Europeans became obsessed with the translucent ceramic. However, they could not create the material themselves because the recipe was closely guarded by Chinese potters. It was not until the early 18th century that some German alchemists successfully produced the first continental European hard-paste porcelain.

Meredith Martin is well versed in this history. Martin is associate professor of art history in the Institute of Fine Arts at New York University. She specializes in French art and architecture from the 17th to 19th centuries, as well as French interactions with Asia during that period.

With this background, Martin was immediately intrigued when her friend Esther Bell, previously chief curator and now deputy director of the Clark Art Institute, told her about a lost libretto in the archives of the Bibliothèque Nationale de France.

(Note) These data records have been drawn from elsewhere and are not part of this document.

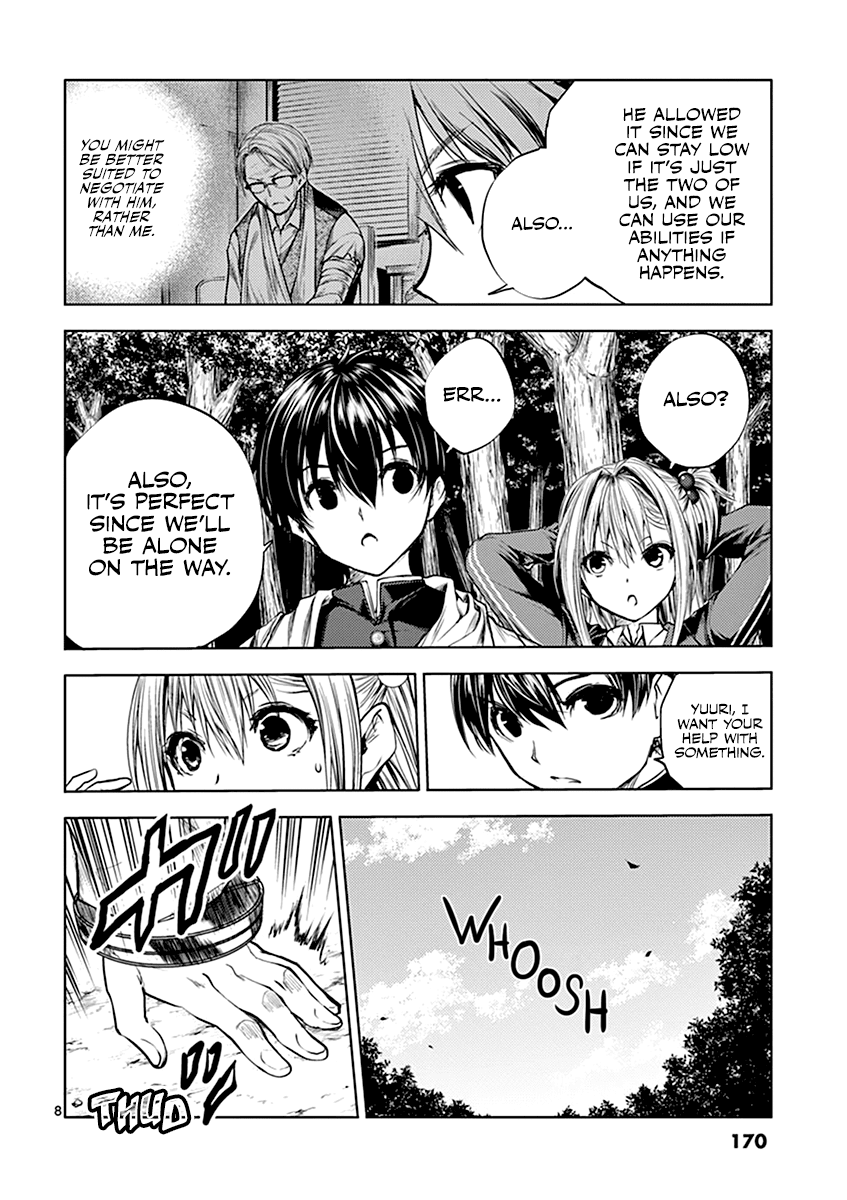 Deatte 5 Byou de Battle chapter 35 page 9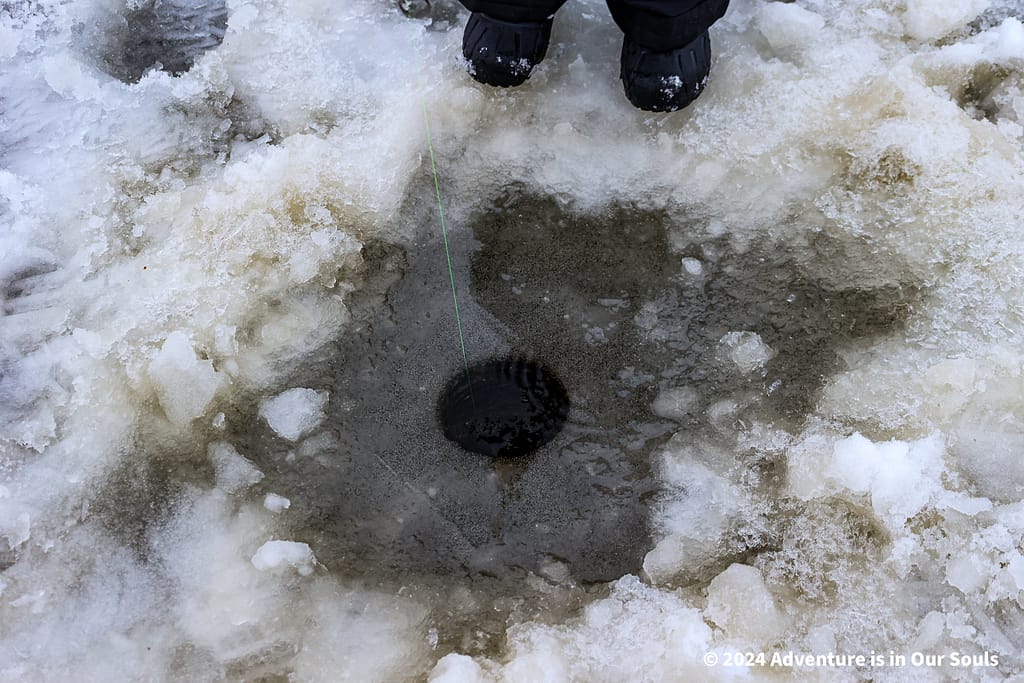 Ice Fishing - Finland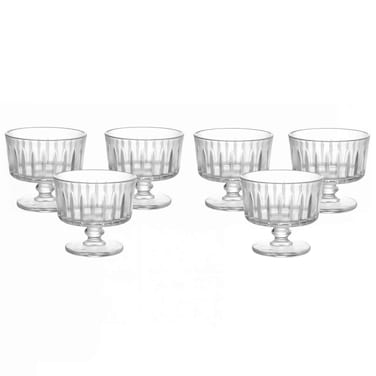Windcera Ice Cream Cup Set, 180ml, 6 PCS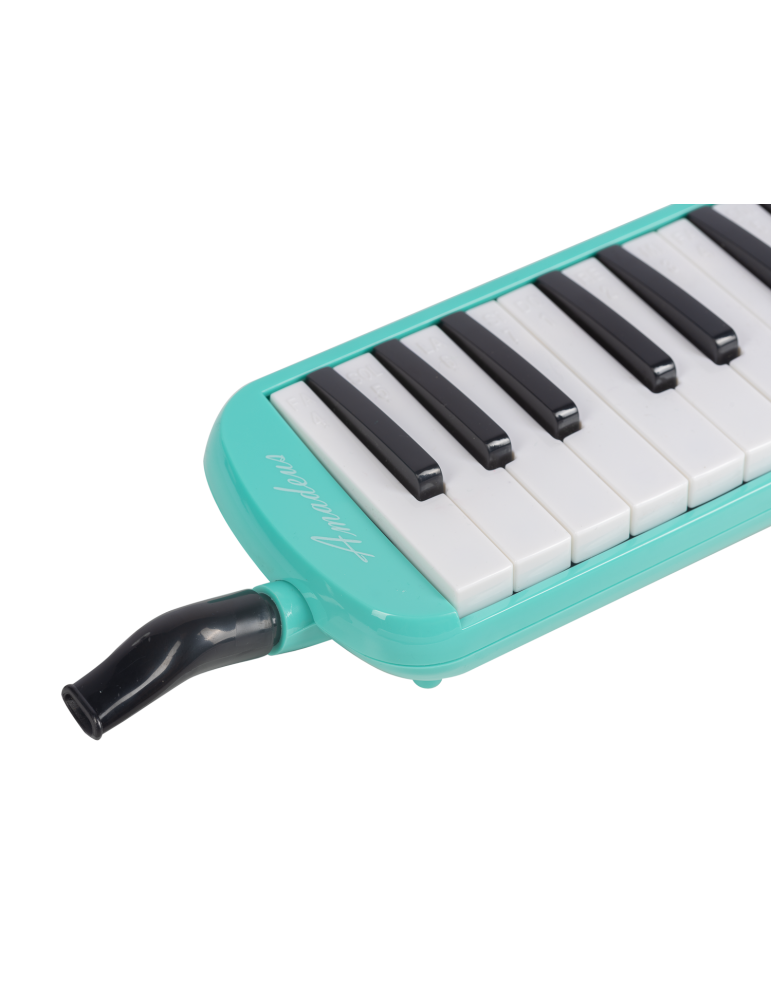 MELÓDICA 32 AMADEUS VERDE CON ESTUCHE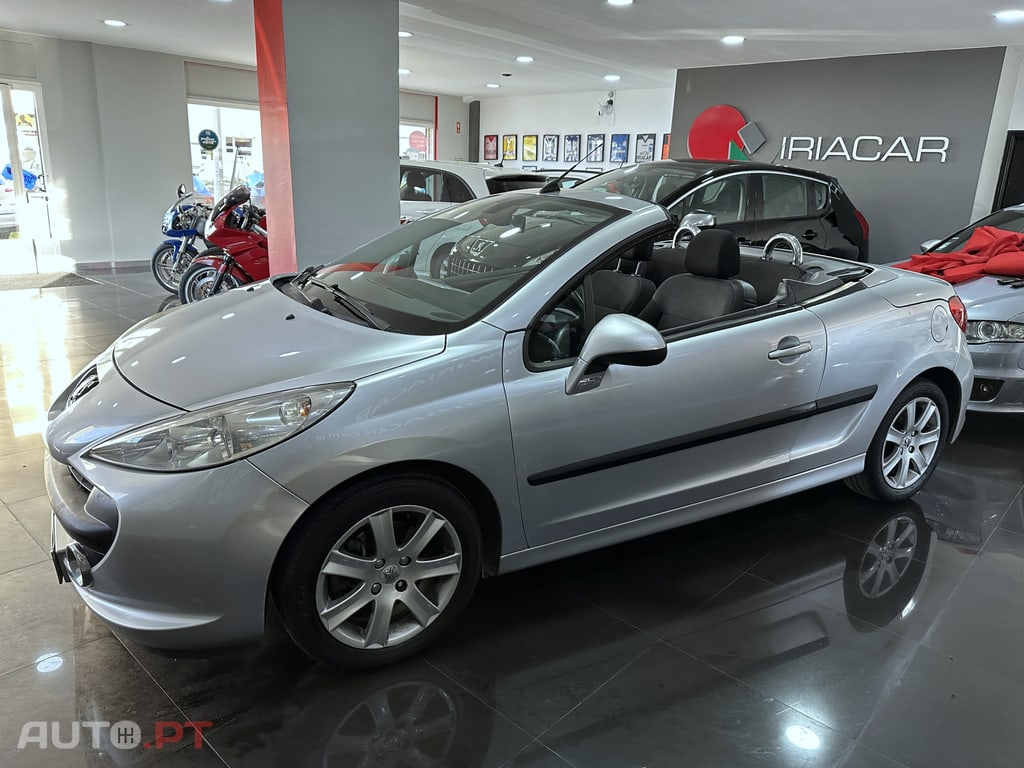 Peugeot 207 CC 1.6 HDi Sport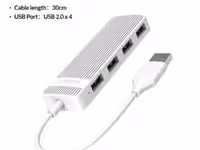 هاب چهار پورت USB 2.0 اوریکو مدل FL02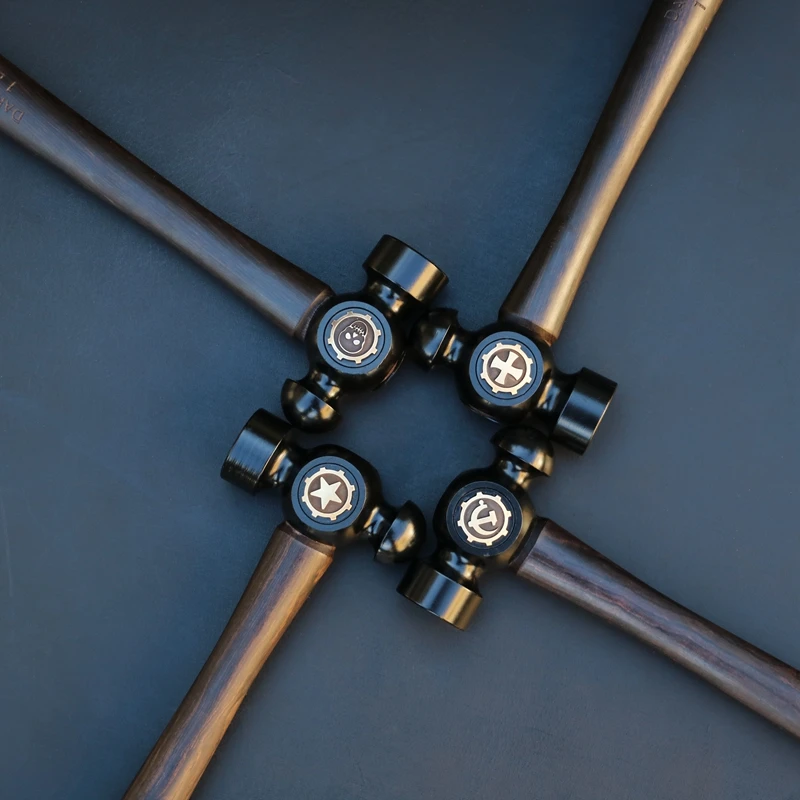 

High quality handmade badge Hammer Mallet for Precise work and carving Hand Tools EDC Tool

(A libretto is the text used in an extended musical work, such as an opera, operetta, masque, oratorio, cantata, or musical. It includes the lyrics to be sung and sometimes interpolated spoken passages.)

Called the “Ballet des Porcelaines” or “The Teapot Prince,” this early-18th-century libretto, with a runtime of only 15 minutes, tells the story of a prince and princess who must shatter the spell of a magician who transformed the inhabitants of a faraway island into porcelain.

Martin recognized how this story could read as an allegory for Europe’s pursuit of porcelain. However, she also knew pursuing a historically accurate reconstruction of the ballet would risk reinforcing harmful racial stereotypes and exoticization of Asian cultures—but a creative reimagining could critique and connect the present and the past.

Martin applied for a fellowship at the Center for Ballet and the Arts at NYU, and there she met choreographer and activist Phil Chan.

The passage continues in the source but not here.